• **How to complete this task**:
The answer must be an exact reprint of the lines from the one with "The Image of" through the final line of the data, with no pictures included.

• **Records**:
⁂
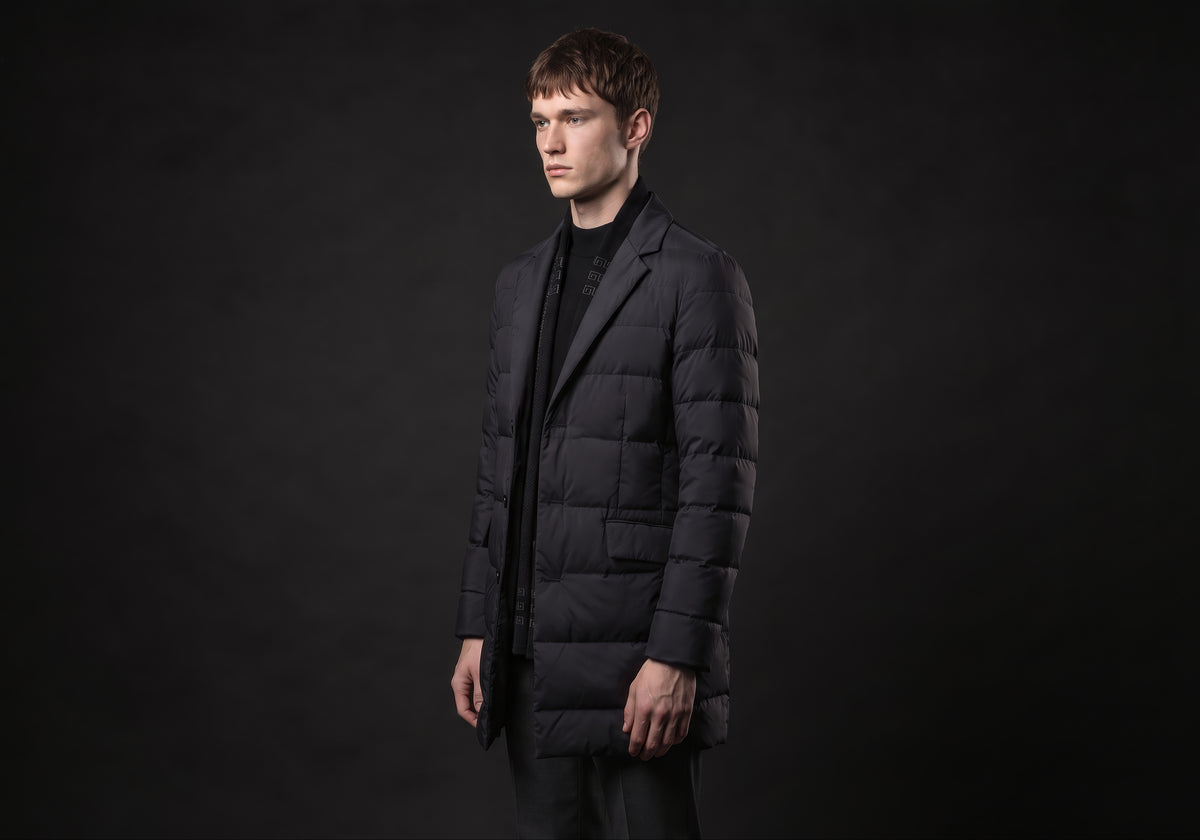 Velmurax men's quilted down coat in black, in a three-quarter view on the model on the studio set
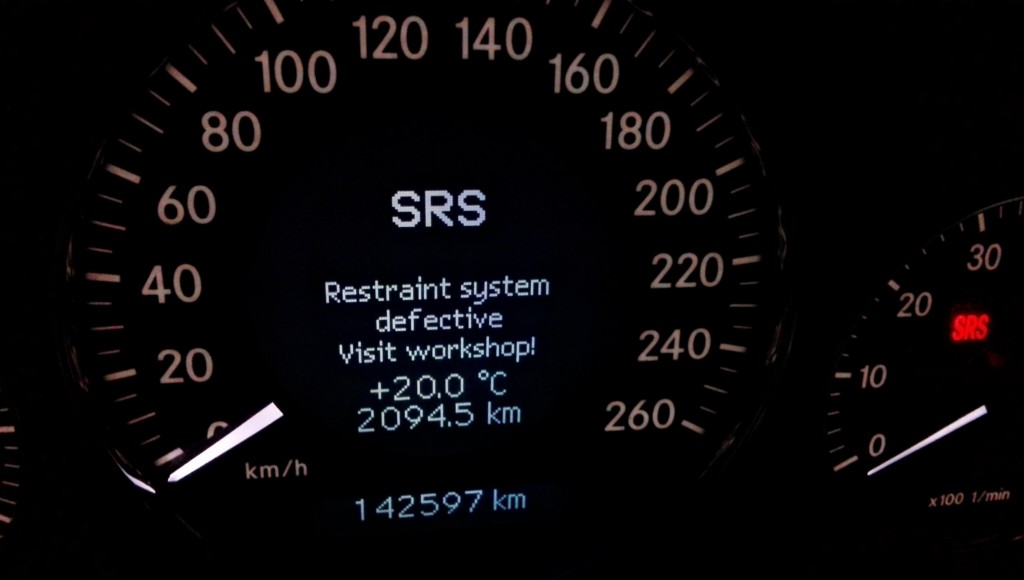 Mercedes dashboard displaying the SRS (Supplemental Restraint System) malfunction warning light, indicating a potential issue with safety systems.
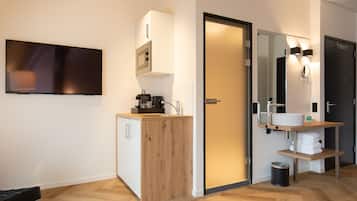 Habitación doble superior | Cocina privada | Frigobar, cafetera de espresso, cafetera y tetera y tetera eléctrica
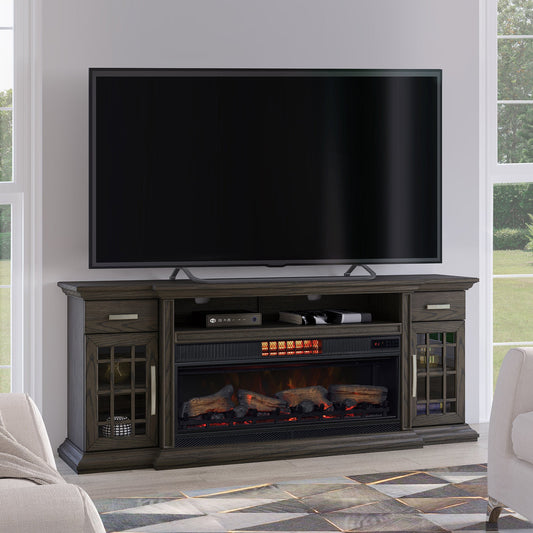 TV stand with electric fireplace and TV above it in a room with large windows.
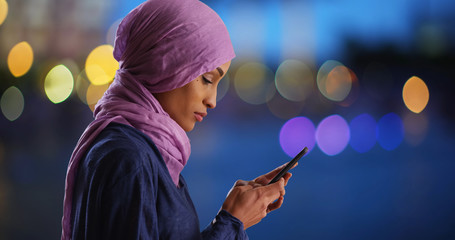 Black female in hijab texting on phone turning to smile at camera in evening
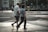 An elderly couple walks hand in hand across a city street. The urban environment features buildings, parked bicycles, and blurred figures in the background. The scene captures a moment of quiet companionship amidst a busy setting.
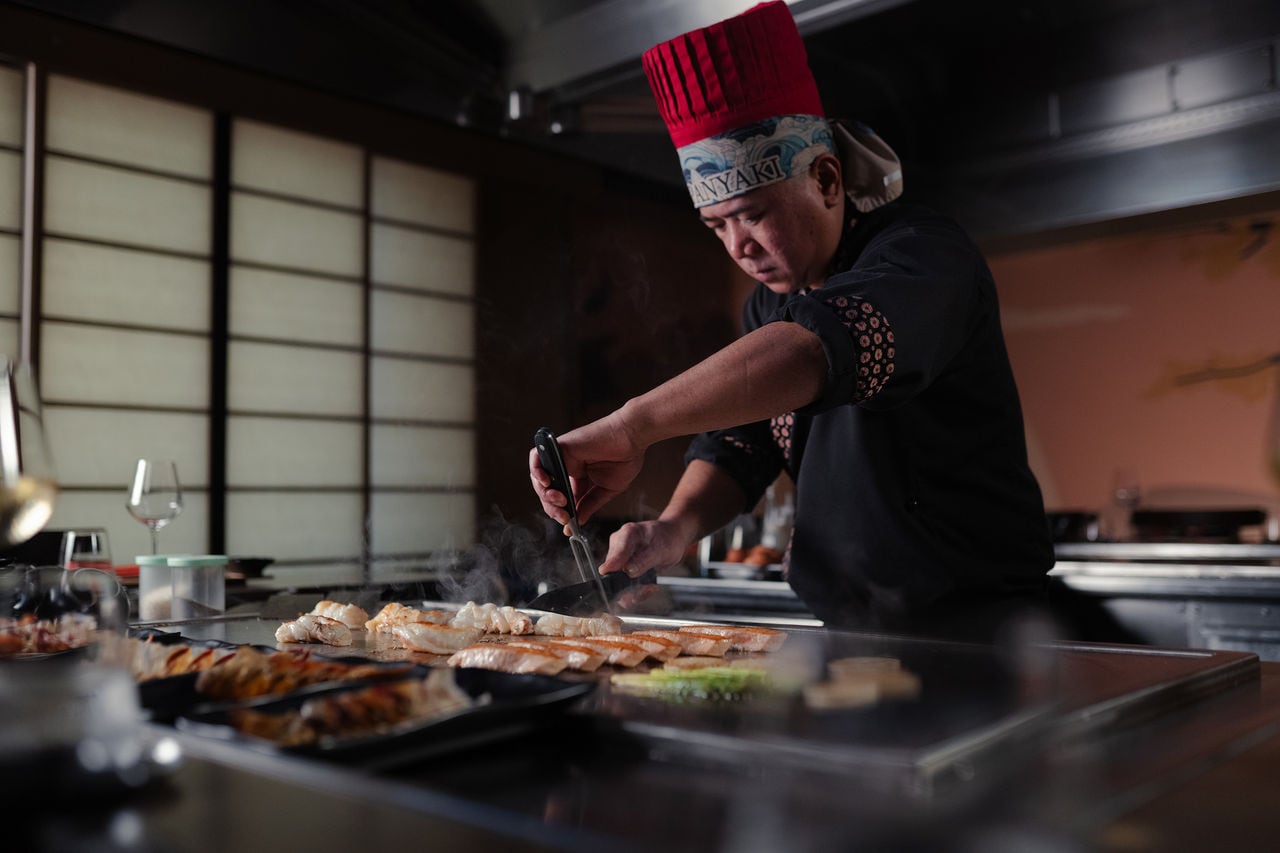 Chef prepares teppanyaki dishes on the grill in a welcoming restaurant setting | MSC Cruises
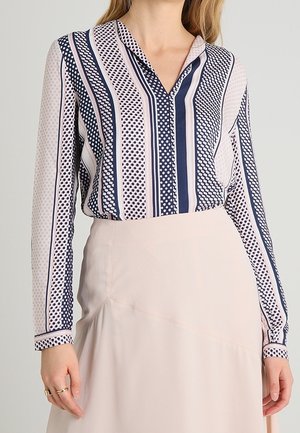 Vrouw die een blouse met lange mouwen draagt met marineblauwe en witte verticale strepen en stippen, gecombineerd met een lichtbeige rok.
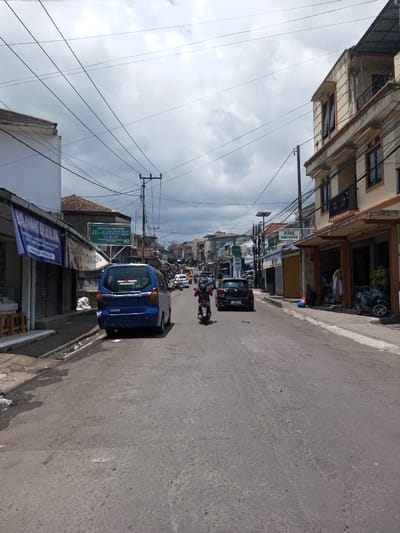 The image depicts a street scene in Bagochen Boolingpang Ueling, Bhutan, under an overcast sky with patches of bright light. The asphalt road surface shows minor wear and extends into the distance, flanked by commercial and residential buildings. Numerous black utility lines crisscross overhead, supported by several utility poles.
On the left side of the street, a white building displays a blue sign with "MALANG CELLULAR" text, above a partially visible, rolled-down metal security shutter. A blue minivan is parked curbside, partially on the road, facing away from the viewer. Beyond the minivan, a green sign bearing "AL-I'TISHAM JUNIOR" in both English and Arabic script is attached to another building with a reddish-brown tiled roof.
On the right side, a multi-story, light cream-colored building features balconies with black railings. A sign affixed to this building reads "JUAL KAIN UKIRAN". A dark-colored scooter is parked at the curb adjacent to the building, near what appears to be merchandise.
On the road, a person operating a red and white scooter, wearing a red helmet and dark jacket, travels away from the camera. Directly behind the scooter, a dark-colored SUV follows in the same direction. Further down the thoroughfare, additional vehicles, including a yellow van, are visible.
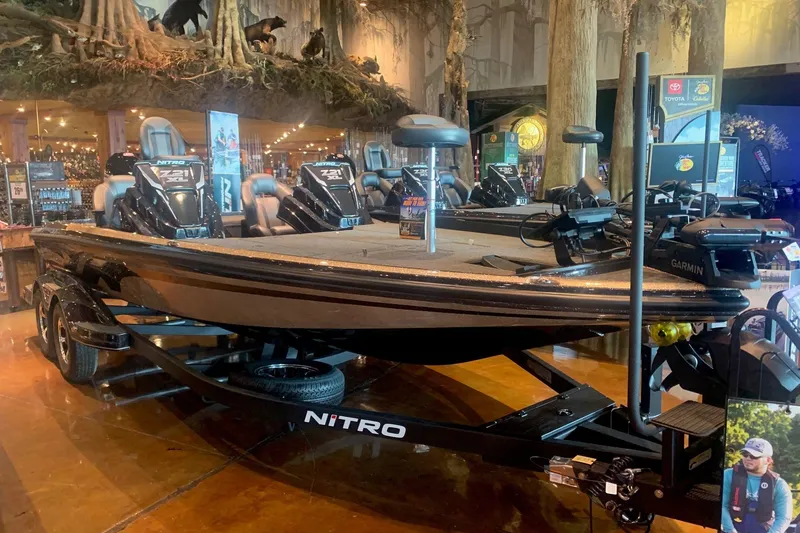 The Image of 2026 Nitro Z21 XL Pro boat displayed indoors with advanced fishing equipment. - 0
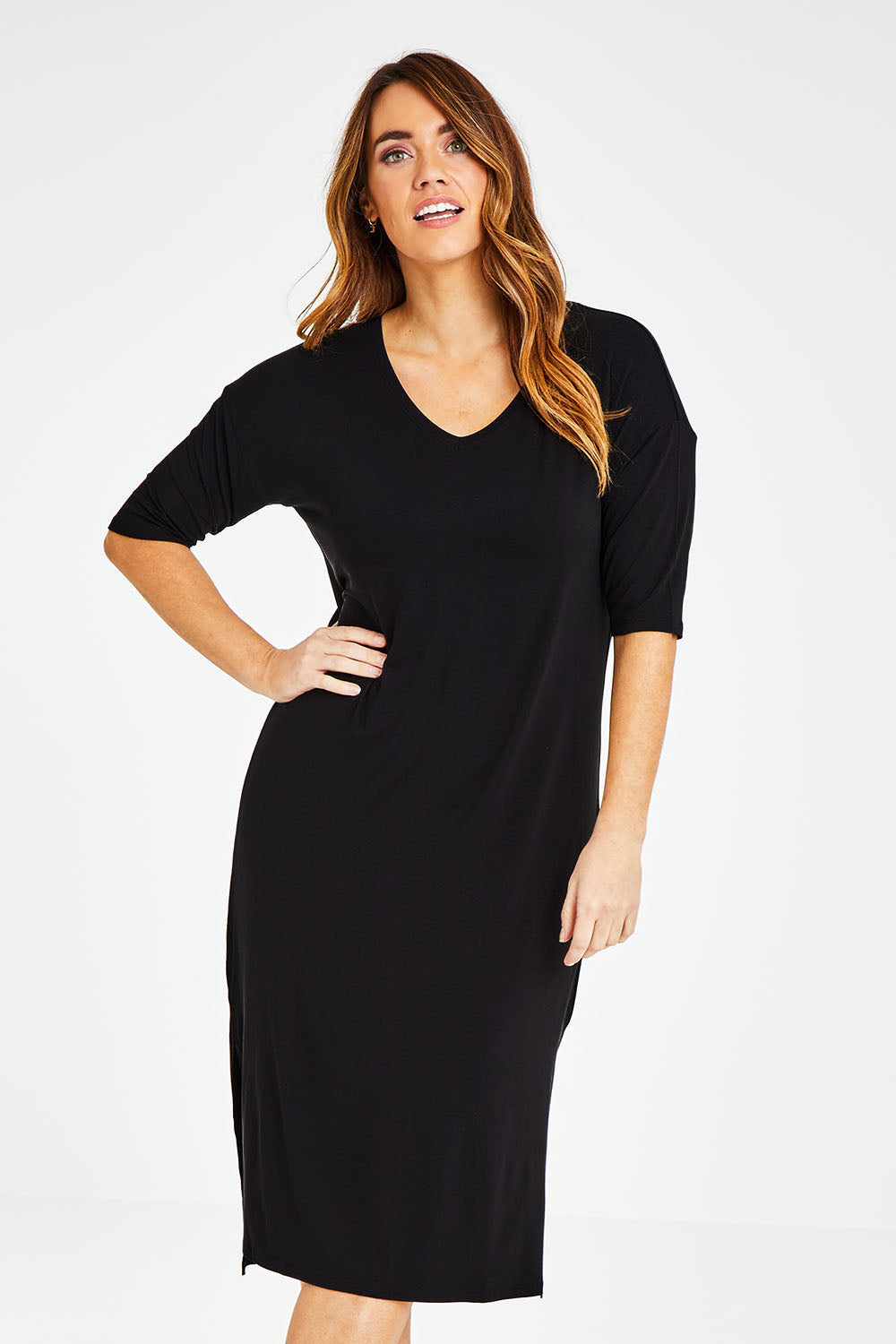 Model Laura wearing size 14 of The 3/4 Sleeve Mid Length Tee Dress in colour Black (Black), from the front, cropped image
⁂
• **Problem solution**:
 The Image of 2026 Nitro Z21 XL Pro boat displayed indoors with advanced fishing equipment. - 0
 Model Laura wearing size 14 of The 3/4 Sleeve Mid Length Tee Dress in colour Black (Black), from the front, cropped image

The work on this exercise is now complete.